Assigned task:
Write out once more the lines running from the top of the entries below to the line with "cute-baby-donkeys-9", both ends included.

Data for processing:

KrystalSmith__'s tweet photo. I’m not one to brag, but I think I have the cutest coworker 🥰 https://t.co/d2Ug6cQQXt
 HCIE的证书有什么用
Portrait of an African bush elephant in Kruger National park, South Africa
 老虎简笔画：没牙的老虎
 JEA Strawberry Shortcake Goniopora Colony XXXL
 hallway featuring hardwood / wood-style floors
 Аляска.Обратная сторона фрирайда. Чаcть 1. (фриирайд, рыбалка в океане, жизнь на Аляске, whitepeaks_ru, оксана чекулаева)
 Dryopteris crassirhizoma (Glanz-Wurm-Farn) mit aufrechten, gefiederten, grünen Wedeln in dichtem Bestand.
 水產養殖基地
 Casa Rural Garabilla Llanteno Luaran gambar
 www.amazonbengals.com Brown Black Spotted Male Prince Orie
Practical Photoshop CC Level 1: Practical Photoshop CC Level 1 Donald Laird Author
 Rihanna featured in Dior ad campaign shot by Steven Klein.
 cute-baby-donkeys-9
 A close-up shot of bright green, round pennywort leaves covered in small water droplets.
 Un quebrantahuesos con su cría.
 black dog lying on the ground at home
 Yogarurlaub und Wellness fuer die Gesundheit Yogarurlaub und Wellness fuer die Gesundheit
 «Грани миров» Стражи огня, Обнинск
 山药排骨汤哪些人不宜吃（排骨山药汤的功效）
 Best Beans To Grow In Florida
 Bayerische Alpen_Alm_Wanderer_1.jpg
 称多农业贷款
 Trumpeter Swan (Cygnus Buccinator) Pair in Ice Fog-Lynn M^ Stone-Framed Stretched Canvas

Answer space:
KrystalSmith__'s tweet photo. I’m not one to brag, but I think I have the cutest coworker 🥰 https://t.co/d2Ug6cQQXt
 HCIE的证书有什么用
Portrait of an African bush elephant in Kruger National park, South Africa
 老虎简笔画：没牙的老虎
 JEA Strawberry Shortcake Goniopora Colony XXXL
 hallway featuring hardwood / wood-style floors
 Аляска.Обратная сторона фрирайда. Чаcть 1. (фриирайд, рыбалка в океане, жизнь на Аляске, whitepeaks_ru, оксана чекулаева)
 Dryopteris crassirhizoma (Glanz-Wurm-Farn) mit aufrechten, gefiederten, grünen Wedeln in dichtem Bestand.
 水產養殖基地
 Casa Rural Garabilla Llanteno Luaran gambar
 www.amazonbengals.com Brown Black Spotted Male Prince Orie
Practical Photoshop CC Level 1: Practical Photoshop CC Level 1 Donald Laird Author
 Rihanna featured in Dior ad campaign shot by Steven Klein.
 cute-baby-donkeys-9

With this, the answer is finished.